As the hero of our story Mohammed Idrees speaks to me, I remember Kannada playwright’s village character Kolike Ranga who sings of the symbols of modernity in wonderment. “Dodda Gadiyaara” the central image of the song, also becomes a metaphor of time and not merely a physical clock tower that has entered into the lives of people. Several decades later, these glorious clock towers continue to remain a metaphor of time [lost] in city landscapes that are changing rapidly.

Bangalore has had several clock towers – the earliest among them are perhaps the ones in Russel Market and Central College. “In those days people couldn’t even think of owning a wrist watch,” explains expert A. Jayaram, speaking of how the common dowry demand was a bicycle and a wrist watch. Public clock towers were built so that the common man could keep track of time. In fact, Dewan Mirza Ismail even installed mirrors in public buildings, as most homes didn’t have one. The clock tower around which the Russel Market is built is hardly visible until you go up close, dwarfed as it is by the surrounding buildings. Sadly, all the three clocks have long gone missing and nobody knows when it was last seen. “The needles of the clock they say were made from gold. I have heard my elders saying that it was stunning. Nobody has bothered to replace it. All the doors leading to the clock tower have been sealed, because parts of the staircase are broken.” However, that’s hardly a deterrent for Mohammed – he climbs the wall holding on to the pipes, and reaches the roof top from where the clock tower is arm’s distance: our photographer follows suit.

As S.K. Aruni Deputy Director of ICHR writes in an essay on Russell Market that Shivajinagar was known as Kalpalli, and within it existed a small market that catered to the daily household needs of the British soldiers in the Cantonment camp during the 1920s.
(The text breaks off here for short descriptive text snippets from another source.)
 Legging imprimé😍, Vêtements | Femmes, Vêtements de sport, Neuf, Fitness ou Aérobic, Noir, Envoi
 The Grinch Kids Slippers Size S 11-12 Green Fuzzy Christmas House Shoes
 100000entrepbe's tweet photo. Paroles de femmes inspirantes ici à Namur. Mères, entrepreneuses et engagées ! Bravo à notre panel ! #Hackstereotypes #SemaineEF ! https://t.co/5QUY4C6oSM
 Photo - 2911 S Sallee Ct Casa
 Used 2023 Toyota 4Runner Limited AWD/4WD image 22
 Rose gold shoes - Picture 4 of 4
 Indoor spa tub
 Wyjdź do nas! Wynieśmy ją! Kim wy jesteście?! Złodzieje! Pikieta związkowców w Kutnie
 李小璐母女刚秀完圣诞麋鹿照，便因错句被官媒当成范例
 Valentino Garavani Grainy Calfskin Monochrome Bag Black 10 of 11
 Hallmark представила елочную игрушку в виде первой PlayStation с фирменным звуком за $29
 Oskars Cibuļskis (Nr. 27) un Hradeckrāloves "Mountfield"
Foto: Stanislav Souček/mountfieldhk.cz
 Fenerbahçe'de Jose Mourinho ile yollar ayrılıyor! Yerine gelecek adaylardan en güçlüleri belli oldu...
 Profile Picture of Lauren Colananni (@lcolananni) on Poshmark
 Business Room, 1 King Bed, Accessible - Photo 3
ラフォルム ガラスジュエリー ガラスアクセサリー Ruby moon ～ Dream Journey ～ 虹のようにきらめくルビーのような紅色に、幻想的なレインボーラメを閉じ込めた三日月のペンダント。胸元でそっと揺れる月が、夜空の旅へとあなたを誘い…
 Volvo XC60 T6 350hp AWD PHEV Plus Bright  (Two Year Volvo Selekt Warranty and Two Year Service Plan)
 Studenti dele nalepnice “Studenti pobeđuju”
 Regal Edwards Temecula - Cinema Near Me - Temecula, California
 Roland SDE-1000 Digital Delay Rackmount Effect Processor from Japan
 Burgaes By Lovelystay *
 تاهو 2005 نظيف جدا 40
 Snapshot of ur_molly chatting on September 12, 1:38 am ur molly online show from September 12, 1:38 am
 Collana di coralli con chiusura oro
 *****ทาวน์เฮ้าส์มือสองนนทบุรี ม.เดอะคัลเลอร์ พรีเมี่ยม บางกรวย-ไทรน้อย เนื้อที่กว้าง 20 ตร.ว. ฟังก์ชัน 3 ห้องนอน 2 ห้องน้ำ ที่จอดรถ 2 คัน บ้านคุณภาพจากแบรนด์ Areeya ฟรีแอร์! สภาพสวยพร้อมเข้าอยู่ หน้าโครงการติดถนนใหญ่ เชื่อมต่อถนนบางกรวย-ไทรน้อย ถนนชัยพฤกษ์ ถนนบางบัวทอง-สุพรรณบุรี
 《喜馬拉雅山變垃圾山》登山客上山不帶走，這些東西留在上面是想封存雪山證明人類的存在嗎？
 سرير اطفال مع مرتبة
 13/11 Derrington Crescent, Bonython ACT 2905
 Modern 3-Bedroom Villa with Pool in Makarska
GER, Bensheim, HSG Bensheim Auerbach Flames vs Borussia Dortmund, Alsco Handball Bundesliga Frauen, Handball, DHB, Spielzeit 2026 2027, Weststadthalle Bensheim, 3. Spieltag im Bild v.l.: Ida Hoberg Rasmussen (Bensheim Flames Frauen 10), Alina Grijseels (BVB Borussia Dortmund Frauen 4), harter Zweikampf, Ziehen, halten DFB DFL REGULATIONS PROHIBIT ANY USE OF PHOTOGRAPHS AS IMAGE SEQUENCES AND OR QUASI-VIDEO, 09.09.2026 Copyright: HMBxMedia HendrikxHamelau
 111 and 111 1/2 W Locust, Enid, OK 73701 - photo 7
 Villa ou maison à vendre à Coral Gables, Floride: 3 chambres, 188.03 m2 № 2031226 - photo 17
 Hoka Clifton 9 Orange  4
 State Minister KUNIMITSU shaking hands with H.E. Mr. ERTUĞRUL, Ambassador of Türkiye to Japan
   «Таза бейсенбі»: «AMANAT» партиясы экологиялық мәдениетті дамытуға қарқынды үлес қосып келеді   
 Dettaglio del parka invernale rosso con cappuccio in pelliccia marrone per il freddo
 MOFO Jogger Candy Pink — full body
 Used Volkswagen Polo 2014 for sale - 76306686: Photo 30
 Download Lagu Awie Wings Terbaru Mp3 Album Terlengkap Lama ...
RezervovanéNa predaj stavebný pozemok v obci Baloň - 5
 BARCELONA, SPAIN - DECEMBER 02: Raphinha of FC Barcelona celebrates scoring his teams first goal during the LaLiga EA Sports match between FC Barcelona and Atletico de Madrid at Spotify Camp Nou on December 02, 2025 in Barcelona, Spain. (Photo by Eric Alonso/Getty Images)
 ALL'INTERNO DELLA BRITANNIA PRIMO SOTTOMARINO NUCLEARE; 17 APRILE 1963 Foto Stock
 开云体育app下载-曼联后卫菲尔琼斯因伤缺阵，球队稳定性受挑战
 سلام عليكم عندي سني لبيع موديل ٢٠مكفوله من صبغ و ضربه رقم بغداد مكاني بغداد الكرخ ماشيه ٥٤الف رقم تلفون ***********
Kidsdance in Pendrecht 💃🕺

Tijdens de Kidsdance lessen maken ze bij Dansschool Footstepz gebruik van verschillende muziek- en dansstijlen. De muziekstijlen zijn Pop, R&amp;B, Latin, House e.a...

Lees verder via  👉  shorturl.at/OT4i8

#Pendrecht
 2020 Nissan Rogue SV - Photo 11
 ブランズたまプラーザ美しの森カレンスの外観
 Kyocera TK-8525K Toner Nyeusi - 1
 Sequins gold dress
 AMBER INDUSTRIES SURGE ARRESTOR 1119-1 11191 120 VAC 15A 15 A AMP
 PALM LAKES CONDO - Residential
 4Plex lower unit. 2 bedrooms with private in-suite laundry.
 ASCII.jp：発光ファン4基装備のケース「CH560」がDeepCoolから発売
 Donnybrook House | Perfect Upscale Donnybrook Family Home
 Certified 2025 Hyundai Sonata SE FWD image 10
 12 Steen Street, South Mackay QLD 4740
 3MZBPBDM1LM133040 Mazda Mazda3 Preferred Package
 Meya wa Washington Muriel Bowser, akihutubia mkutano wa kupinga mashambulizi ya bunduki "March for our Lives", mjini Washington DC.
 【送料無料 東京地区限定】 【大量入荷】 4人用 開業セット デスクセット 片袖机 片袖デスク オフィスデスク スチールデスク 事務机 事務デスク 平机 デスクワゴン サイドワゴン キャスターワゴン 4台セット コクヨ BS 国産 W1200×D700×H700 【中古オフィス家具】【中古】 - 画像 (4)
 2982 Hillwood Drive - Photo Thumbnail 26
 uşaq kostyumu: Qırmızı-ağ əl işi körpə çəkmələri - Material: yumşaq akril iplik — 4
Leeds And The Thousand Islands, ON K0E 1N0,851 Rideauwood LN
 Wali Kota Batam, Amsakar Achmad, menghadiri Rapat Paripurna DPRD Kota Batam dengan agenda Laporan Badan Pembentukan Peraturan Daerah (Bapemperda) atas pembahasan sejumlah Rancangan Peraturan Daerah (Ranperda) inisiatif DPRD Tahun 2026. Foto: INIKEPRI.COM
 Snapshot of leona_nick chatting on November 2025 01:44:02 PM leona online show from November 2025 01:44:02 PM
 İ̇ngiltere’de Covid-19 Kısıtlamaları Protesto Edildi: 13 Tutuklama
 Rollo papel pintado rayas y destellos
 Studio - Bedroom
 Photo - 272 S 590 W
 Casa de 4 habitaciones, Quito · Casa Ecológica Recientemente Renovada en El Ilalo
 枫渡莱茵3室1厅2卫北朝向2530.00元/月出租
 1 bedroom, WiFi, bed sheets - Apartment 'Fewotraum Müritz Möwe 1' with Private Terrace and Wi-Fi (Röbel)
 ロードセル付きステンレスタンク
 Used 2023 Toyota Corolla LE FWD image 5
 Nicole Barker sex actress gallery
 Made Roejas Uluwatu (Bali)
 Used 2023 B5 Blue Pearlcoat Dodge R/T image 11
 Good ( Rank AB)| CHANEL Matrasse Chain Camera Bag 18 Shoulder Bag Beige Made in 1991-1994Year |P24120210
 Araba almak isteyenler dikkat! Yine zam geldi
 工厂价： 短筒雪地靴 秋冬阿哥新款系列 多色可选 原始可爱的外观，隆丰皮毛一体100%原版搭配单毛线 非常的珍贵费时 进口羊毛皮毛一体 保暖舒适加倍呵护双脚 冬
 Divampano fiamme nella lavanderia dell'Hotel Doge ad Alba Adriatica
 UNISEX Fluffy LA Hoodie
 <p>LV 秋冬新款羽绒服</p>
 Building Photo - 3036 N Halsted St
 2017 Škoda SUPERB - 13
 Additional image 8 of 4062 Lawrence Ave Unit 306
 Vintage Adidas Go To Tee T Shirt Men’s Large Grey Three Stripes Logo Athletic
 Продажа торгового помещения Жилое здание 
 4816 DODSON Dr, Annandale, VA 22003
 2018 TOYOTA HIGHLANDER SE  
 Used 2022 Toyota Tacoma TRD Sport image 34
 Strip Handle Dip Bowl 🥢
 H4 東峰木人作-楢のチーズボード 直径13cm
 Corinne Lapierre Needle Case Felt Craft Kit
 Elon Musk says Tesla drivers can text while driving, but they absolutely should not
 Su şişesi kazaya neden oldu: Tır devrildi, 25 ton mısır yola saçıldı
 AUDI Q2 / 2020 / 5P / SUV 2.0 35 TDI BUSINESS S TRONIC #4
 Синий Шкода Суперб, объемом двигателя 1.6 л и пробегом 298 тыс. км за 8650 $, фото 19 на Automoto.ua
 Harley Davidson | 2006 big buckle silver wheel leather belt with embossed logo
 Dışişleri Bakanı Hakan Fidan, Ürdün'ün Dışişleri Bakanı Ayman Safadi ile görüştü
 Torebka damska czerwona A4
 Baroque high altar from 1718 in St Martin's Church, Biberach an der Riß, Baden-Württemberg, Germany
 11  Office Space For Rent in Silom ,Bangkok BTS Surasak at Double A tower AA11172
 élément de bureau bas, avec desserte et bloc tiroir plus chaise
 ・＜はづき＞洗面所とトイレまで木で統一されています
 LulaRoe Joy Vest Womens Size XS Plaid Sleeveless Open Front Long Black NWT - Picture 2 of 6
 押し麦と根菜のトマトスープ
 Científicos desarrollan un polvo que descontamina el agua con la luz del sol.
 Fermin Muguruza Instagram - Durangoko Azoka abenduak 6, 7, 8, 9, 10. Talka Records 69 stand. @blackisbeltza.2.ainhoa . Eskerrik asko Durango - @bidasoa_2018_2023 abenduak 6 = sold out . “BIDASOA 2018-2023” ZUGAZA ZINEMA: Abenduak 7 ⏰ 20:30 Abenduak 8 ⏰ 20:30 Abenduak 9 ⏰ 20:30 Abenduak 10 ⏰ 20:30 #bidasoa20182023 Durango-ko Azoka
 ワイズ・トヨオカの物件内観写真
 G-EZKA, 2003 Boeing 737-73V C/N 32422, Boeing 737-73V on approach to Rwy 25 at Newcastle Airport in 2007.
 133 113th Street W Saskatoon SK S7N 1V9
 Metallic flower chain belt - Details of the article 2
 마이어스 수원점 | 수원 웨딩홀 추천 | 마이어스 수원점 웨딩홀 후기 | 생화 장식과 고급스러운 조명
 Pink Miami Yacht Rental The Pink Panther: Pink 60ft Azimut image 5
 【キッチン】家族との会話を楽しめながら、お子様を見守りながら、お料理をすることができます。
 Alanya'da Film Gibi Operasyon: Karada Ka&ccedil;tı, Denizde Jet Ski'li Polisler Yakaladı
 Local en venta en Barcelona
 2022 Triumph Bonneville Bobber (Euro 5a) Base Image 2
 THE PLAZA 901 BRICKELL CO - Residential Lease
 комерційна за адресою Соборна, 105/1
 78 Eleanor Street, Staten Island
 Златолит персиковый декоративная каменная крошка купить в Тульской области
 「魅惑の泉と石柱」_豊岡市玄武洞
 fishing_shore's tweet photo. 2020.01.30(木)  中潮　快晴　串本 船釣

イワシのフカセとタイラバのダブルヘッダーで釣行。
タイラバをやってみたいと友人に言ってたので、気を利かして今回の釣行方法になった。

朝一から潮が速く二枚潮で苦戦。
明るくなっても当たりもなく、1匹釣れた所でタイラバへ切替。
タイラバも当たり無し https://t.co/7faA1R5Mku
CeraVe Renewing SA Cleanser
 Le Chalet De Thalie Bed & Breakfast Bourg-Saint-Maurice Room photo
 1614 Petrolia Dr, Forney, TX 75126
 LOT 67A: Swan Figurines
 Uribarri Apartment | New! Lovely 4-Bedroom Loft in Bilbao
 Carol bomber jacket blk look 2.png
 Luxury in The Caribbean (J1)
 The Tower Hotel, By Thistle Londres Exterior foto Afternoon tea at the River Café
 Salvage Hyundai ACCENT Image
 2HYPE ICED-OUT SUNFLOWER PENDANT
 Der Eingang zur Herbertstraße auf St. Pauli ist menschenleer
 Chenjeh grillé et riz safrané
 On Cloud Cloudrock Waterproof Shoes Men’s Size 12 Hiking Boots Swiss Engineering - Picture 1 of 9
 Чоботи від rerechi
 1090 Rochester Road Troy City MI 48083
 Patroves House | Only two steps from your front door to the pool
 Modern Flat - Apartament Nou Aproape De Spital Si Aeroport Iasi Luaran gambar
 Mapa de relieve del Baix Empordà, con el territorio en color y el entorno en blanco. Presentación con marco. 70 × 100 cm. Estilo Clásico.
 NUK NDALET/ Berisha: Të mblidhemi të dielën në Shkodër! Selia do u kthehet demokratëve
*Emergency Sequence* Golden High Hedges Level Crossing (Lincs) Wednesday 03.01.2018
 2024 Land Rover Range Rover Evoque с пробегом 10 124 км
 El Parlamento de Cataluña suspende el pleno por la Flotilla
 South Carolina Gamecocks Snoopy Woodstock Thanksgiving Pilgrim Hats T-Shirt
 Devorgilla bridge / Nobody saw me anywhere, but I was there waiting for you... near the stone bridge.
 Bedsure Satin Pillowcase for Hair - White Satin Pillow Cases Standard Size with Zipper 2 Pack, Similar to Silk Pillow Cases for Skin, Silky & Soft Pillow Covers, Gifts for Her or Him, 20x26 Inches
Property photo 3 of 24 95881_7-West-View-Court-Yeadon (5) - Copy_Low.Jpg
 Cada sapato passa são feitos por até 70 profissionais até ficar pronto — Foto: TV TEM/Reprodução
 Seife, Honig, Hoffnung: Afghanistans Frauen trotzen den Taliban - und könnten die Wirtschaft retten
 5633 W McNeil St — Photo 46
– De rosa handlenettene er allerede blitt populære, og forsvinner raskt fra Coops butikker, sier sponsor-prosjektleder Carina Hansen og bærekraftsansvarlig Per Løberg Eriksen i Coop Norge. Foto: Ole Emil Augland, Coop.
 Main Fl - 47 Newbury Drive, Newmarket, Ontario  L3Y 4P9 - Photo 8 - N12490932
The new market around the clock tower was built as per the queen’s order in 1850s.

It was built by Dorman Long, a very big company in England known for building bridges. In fact, if you go around the market carefully, the few surviving old pillars have ‘Dorman Long, Made in England’ etched on them. The market, they say, is erected on metal pillars considering there is a water body underneath. “This is such an architectural wonder that even in the peak of summer it is cool here,” explains Mohammed Idrees.

After plague broke out in 1898, a hygienic and scientific market was built by Cantonment Municipality and it was during this period that the market came to be renamed after Commissioner Russell.

The clock tower is our connection to another way of life that existed. It treasures memory, architectural styles and concerns of a different kind.

“I have seen an owl family live in the clock tower since I was a child. They have made this tower their home,” exclaims Mohammed Idrees.